Figure 6. Detection of TRP-1_284–298 reactive CD4⁺ T cells in melanoma patients.

Total PBMC (left panel) or CD25⁺-depleted PBMC (right panel) from five HLA-DRB1*03⁺ melanoma patients (A) and four HLA-DRB1*0301⁺ healthy donors (B) were stimulated in vitro with peptide TRP-1_284–298. After 25 days, PBMC were tested for their peptide reactivity by IFN-γ ELISpot assay. All determinations were performed at least in duplicates. The data are presented as mean numbers of IFN-γ spots per 10⁵ cells. Error bars show standard error of the mean.

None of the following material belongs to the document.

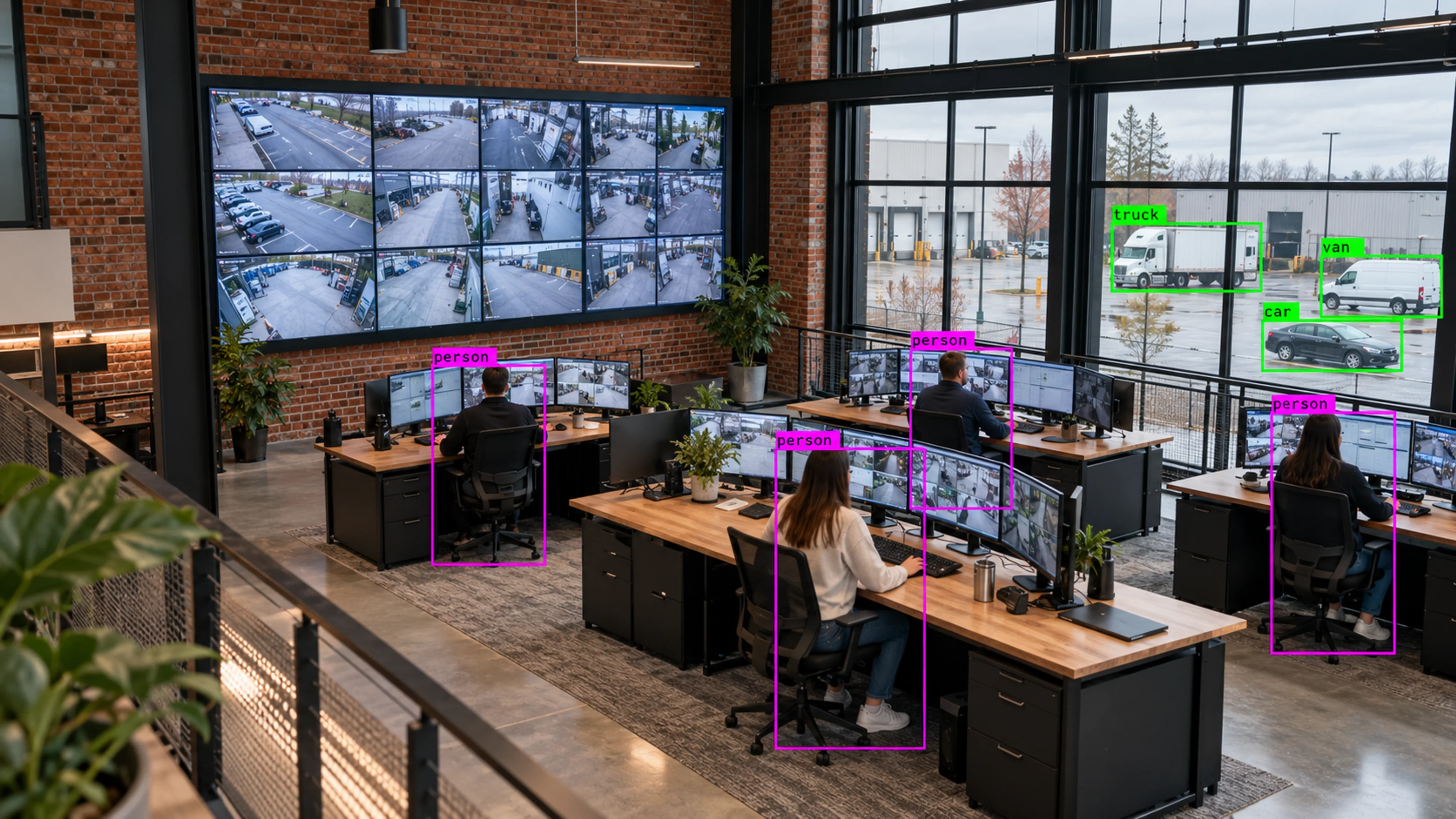 Operations staff reviewing camera views at monitoring workstations. Illustrative object detections.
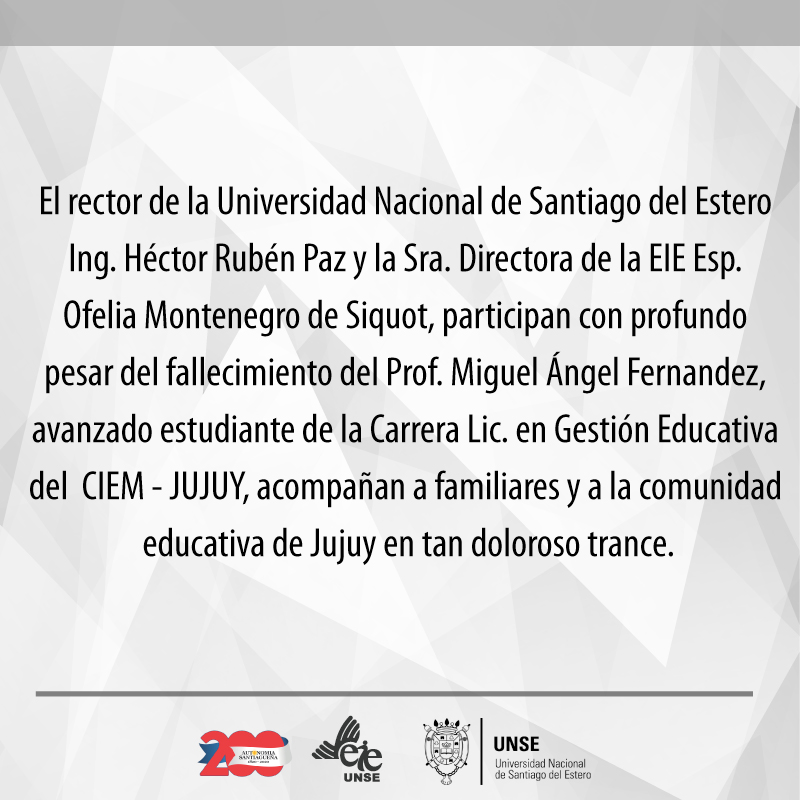 Acompañamiento Institucional al fallecimiento del Prof. Miguel Ángel Fernandez.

Figure 7. TRP-1_284–298 represents a HLA-DRB1*0301-restricted CD4⁺ T cell epitope processed by human target cells.

PBMC from melanoma patient VHP were stimulated once with peptide TRP-1_284–298 (10 µg/ml). After 25 days, selected CD4⁺ T cells were tested for their reactivity against different target cells by IFN-γ ELISpot assay. A, Recognition of T2.DR3 target cells pulsed with peptide TRP-1_284–298 and autologous CD3⁺-depleted PBMC (CD3⁻ PBMC) infected with Ad5.TRP-1 or with control virus is depicted. B, Reactivity of T cells against different melanoma cell lines Ma-Mel-103b (HLA-DRB1*0301⁺, TRP-1⁻), Ma-Mel-108 (HLA-DRB1*0301⁺, TRP-1⁺), Ma-Mel-153 (HLA-DRB1*0301⁻, TRP-1⁺) and C, against Ma-Mel-103b cells infected with Ad5.TRP-1 or control virus is presented. A–C, One representative out of two to three independent experiments is given. Error bars show standard error of the mean.